▶ EXERCISE: After locating the line with "M2 Duplex Cable", set down that line and all the lines that follow it, unchanged, to the end of the records; omit the pictures.
== DATASET RECORDS
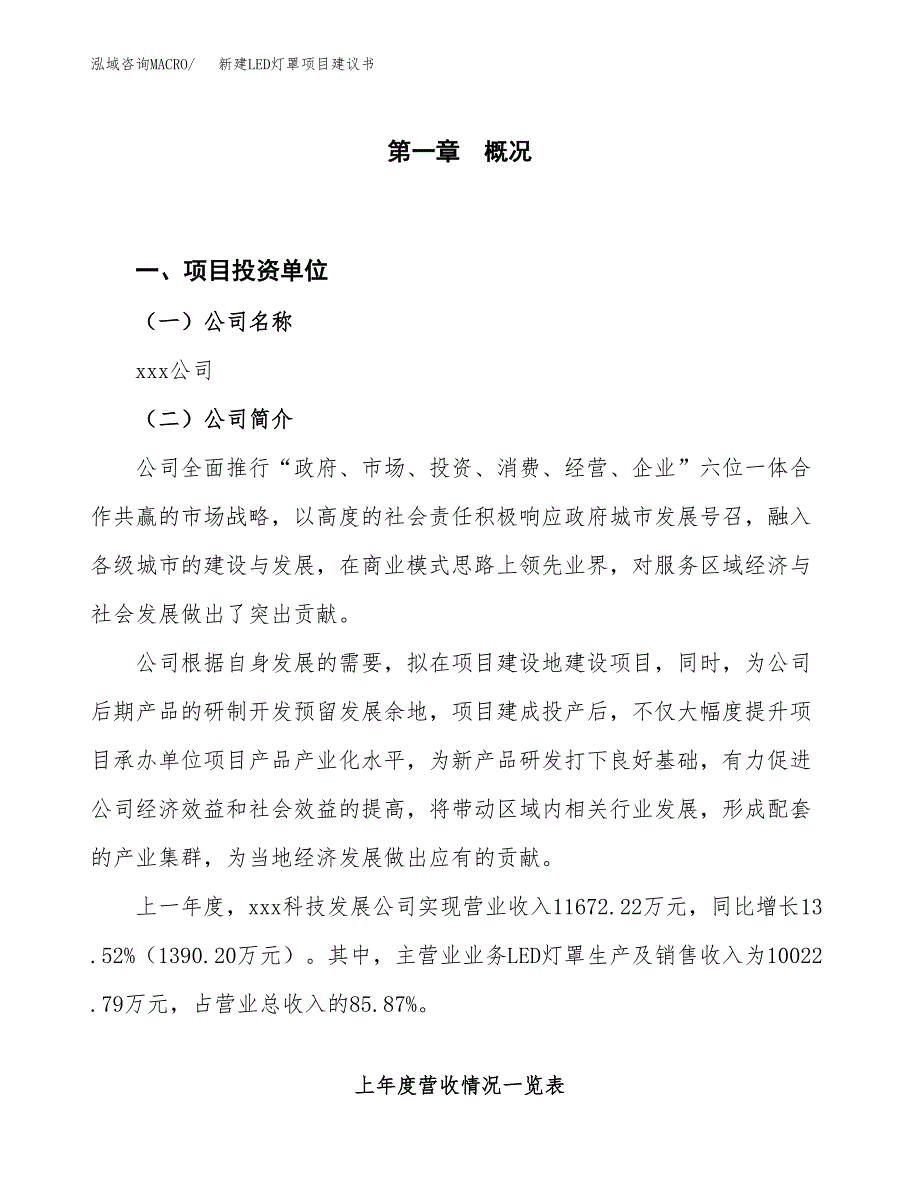 新建LED灯外壳项目建议书（总投资12000万元）_第1页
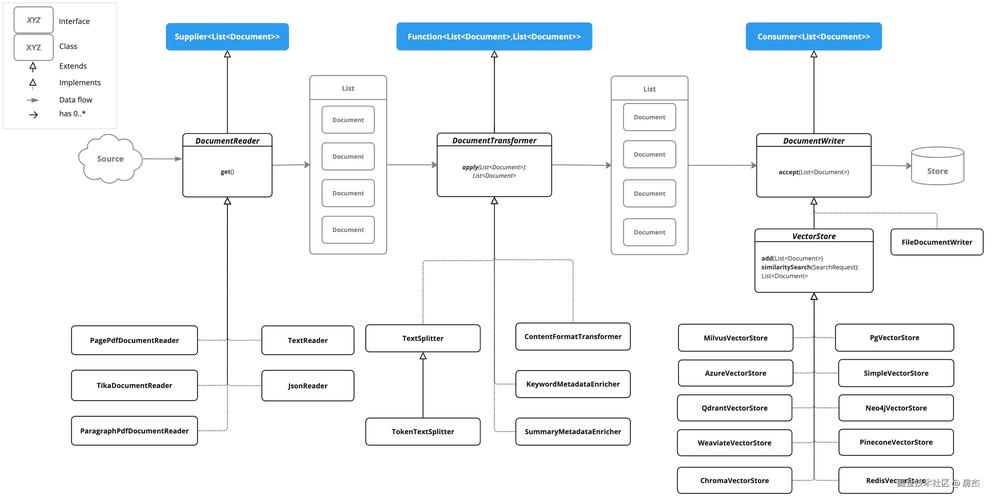 Paper2Code – AI论文自动转为代码的多智能体框架 第2张 Paper2Code – AI论文自动转为代码的多智能体框架 第2张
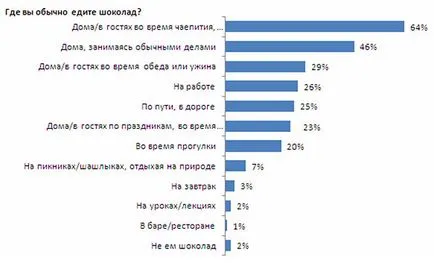 Най-добрите канали за разпространение на шоколадови изделия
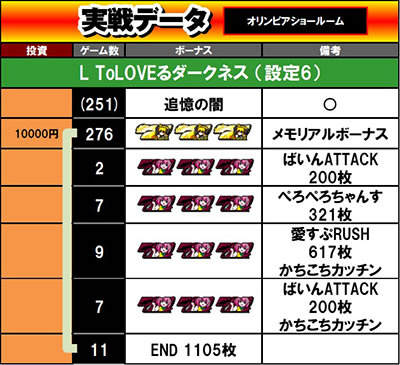 L ToLOVE��_�[�N�l�X������f�[�^1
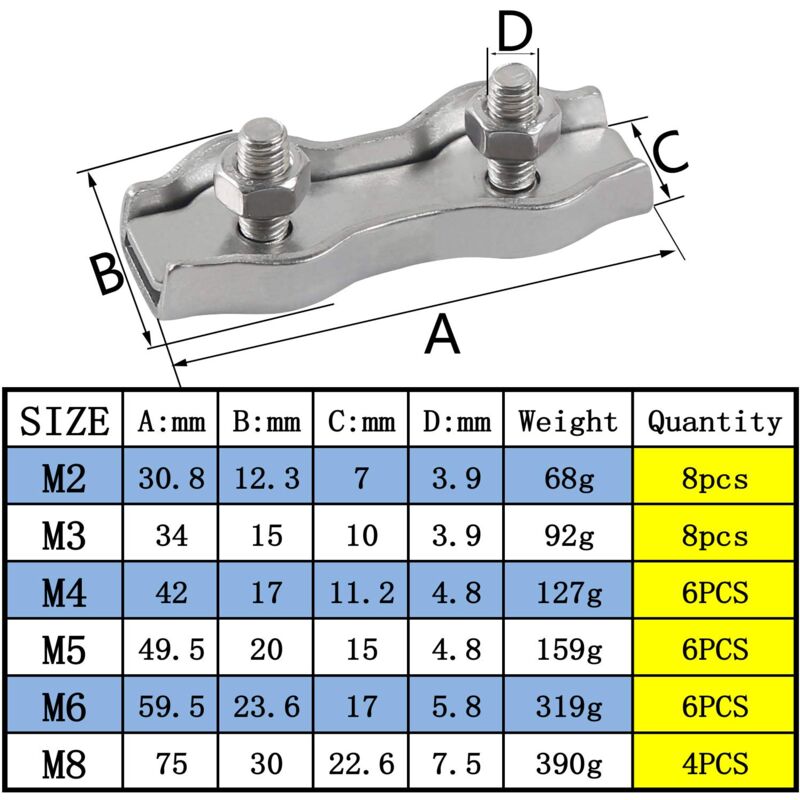 M2 Duplex Cable Clips 304 Stainless Steel Duplex Cable Clips For Wire ROpe Clotheslines Sun Sails Hanging V1188-MS-227-2487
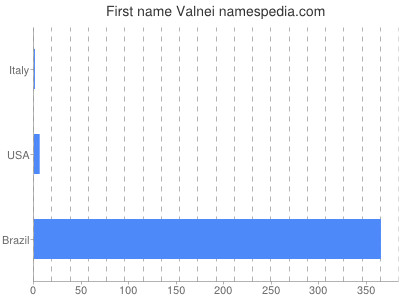 Given name Valnei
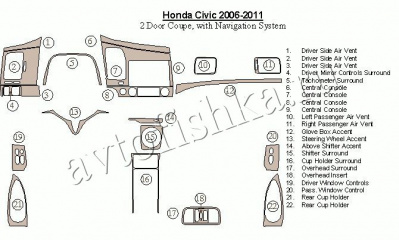 Декоративные накладки салона Honda Civic 2006-2011 2 двери, с навигацией система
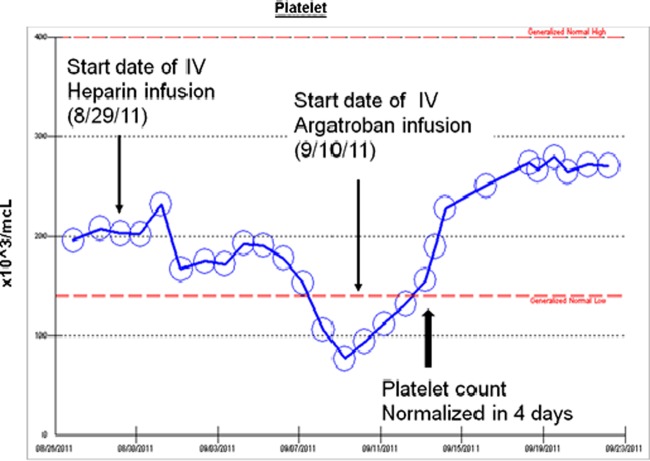 Figure 6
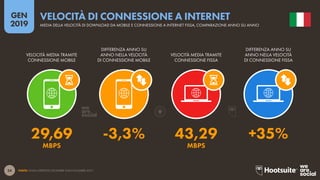 24
2019
GEN
FONTE: OOKLA SPEEDTEST (DICEMBRE 2018 E DICEMBRE 2017).
VELOCITÀ DI CONNESSIONE A INTERNET
MEDIA DELLA VELOCITÀ DI DOWNLOAD DA MOBILE E CONNESSIONE A INTERNET FISSA, COMPARAZIONE ANNO SU ANNO
MBPSMBPS
29,69 -3,3% 43,29 +35%
VELOCITÀ MEDIA TRAMITE
CONNESSIONE MOBILE
DIFFERENZA ANNO SU
ANNO NELLA VELOCITÀ
DI CONNESSIONE MOBILE
VELOCITÀ MEDIA TRAMITE
CONNESSIONE FISSA
DIFFERENZA ANNO SU
ANNO NELLA VELOCITÀ
DI CONNESSIONE FISSA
====
▶ TASK RESULT:
 M2 Duplex Cable Clips 304 Stainless Steel Duplex Cable Clips For Wire ROpe Clotheslines Sun Sails Hanging V1188-MS-227-2487
 Given name Valnei
 Декоративные накладки салона Honda Civic 2006-2011 2 двери, с навигацией система
 Figure 6
 24
2019
GEN
FONTE: OOKLA SPEEDTEST (DICEMBRE 2018 E DICEMBRE 2017).
VELOCITÀ DI CONNESSIONE A INTERNET
MEDIA DELLA VELOCITÀ DI DOWNLOAD DA MOBILE E CONNESSIONE A INTERNET FISSA, COMPARAZIONE ANNO SU ANNO
MBPSMBPS
29,69 -3,3% 43,29 +35%
VELOCITÀ MEDIA TRAMITE
CONNESSIONE MOBILE
DIFFERENZA ANNO SU
ANNO NELLA VELOCITÀ
DI CONNESSIONE MOBILE
VELOCITÀ MEDIA TRAMITE
CONNESSIONE FISSA
DIFFERENZA ANNO SU
ANNO NELLA VELOCITÀ
DI CONNESSIONE FISSA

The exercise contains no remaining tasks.